_What you need to do:_ Your task is to copy the data exactly while leaving out every picture.

_Collected material:_
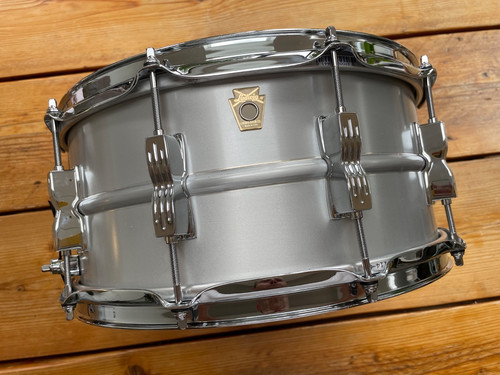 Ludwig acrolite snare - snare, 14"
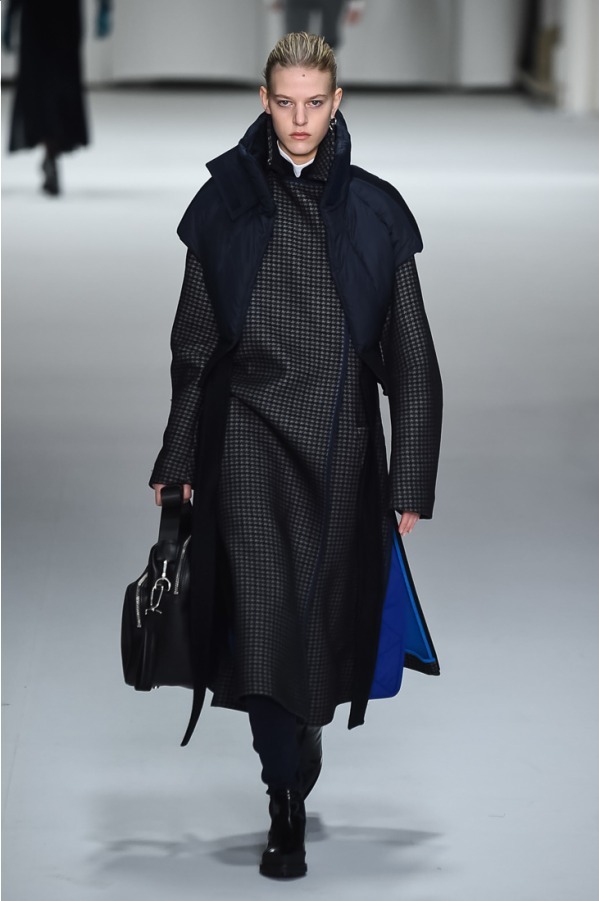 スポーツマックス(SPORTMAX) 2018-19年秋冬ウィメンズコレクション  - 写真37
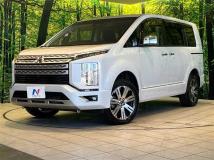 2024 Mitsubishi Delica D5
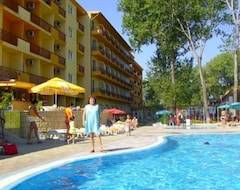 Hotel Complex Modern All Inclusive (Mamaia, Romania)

_Task output:_
 Ludwig acrolite snare - snare, 14"
 スポーツマックス(SPORTMAX) 2018-19年秋冬ウィメンズコレクション  - 写真37
 2024 Mitsubishi Delica D5
 Hotel Complex Modern All Inclusive (Mamaia, Romania)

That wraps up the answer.